After a long journey with the usual collection of adventures, they embarked from Plymouth docks, which was not like it is today with roll-on, roll-off boats. In the early Sixties, it was a much more industrial process. The pillions boarded as foot passengers while the riders placed their machines in a metal stillage with a chain at each corner. They then sat with the scooter as it was hoisted over the dockside and placed in the boat through a hole in the deck where they had to stay, keeping the scooter upright, until it docked again a good hour later.
(No more complaints about the way scooters are strapped down on ferries in future from me).
On the return leg of the journey, they sheared the rear hub and had to wait while a travelling companion hared off to the local town to find a replacement, the RAC not being a part of riding life back then! Other long distance journeys were undertaken on their Lambrettas, including a trip to Margate, where she and Steve were photographed holding parrots in their finest early Sixties riding gear.
It wasn’t all plain sailing though when using the scooter as daily transport. Inevitably Margaret had her share of accidents and incidents, the most memorable being a wipeout on ice when the scooter shot from under her, leaving her and the scooter spinning off in opposite directions.
Her first reaction when a passer-by reached her? “How’s my scooter?” –of course!
But all good things come to an end. Margaret sold the scooter in 1964, just as the Mod boom was spreading North, and married Steve.
Wonderful Life
Selling their Lambrettas marked the end of an era but it didn’t put an end to their riding adventures. Steve later owned a motorbike, and Margaret a moped. One evening Margaret was out riding with her daughter as pillion when the police pulled her over. Expecting to find a couple of young yobbo types on the machine, the officer was most surprised, and somewhat apologetic, to find it was a mother and daughter!

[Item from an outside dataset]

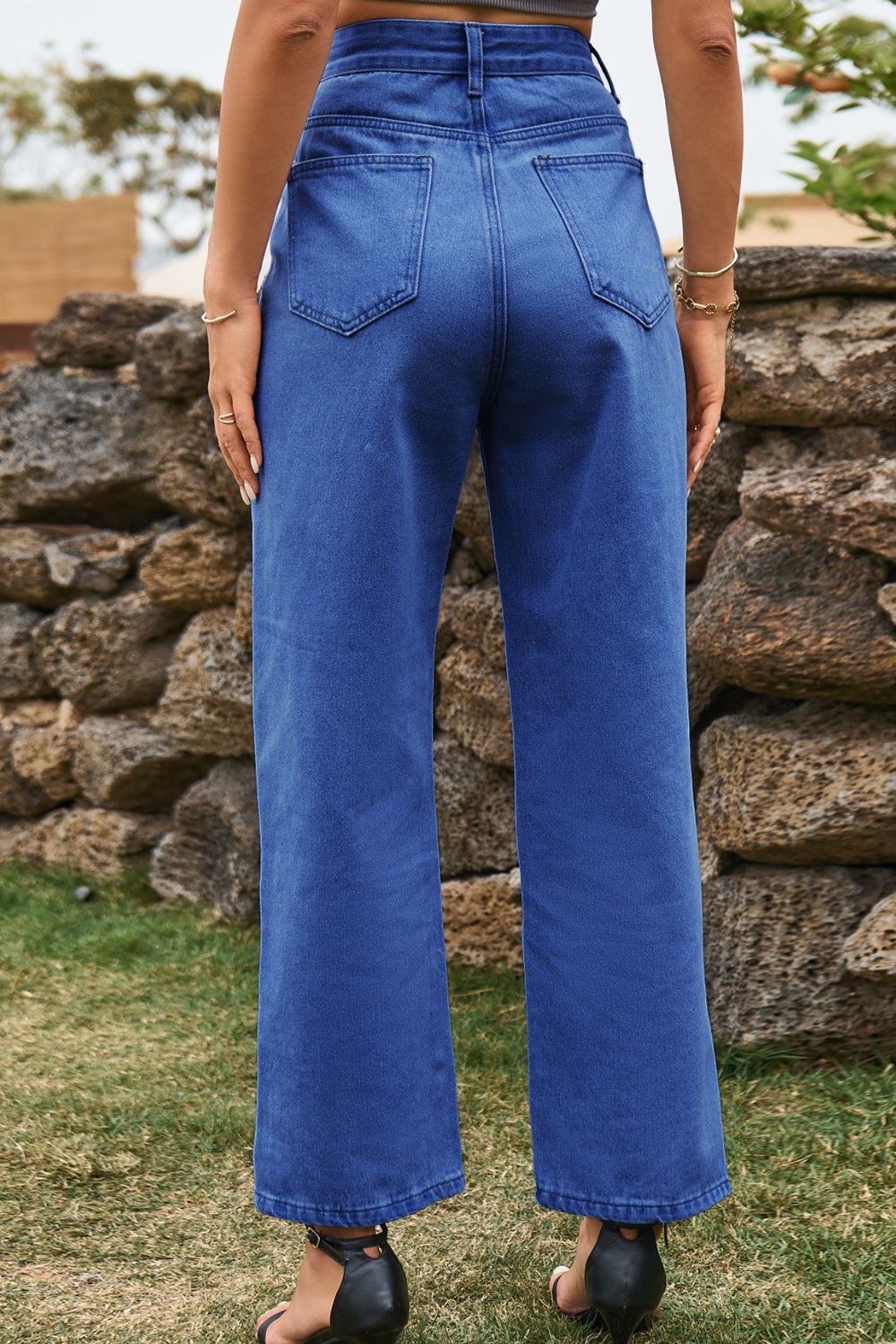 Medium wash denim jeans with a straight leg and split hem detail.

Around the turn of the millennium, Margaret and her husband were wooed by a couple of automatic scooters and spent a few years running around on those before Steve sadly passed in 2018 after 54 years of adventure and happy memories together.
While it may not have been a life of continual riding, it certainly goes to show that once it’s in your blood, scootering is hard to shake at any age. During my writing of this piece, I rode my GTS up to see her when I returned the photos seen hereabouts. Margaret came out, and we had a further pleasant chat about the changes to scooters, how it was still recognisably a Vespa regardless, and how comfortable it looked. Perhaps I should have asked if Margaret still had her helmet in the garage, and if she fancied one more trip around the block..
I suspect she may have been tempted.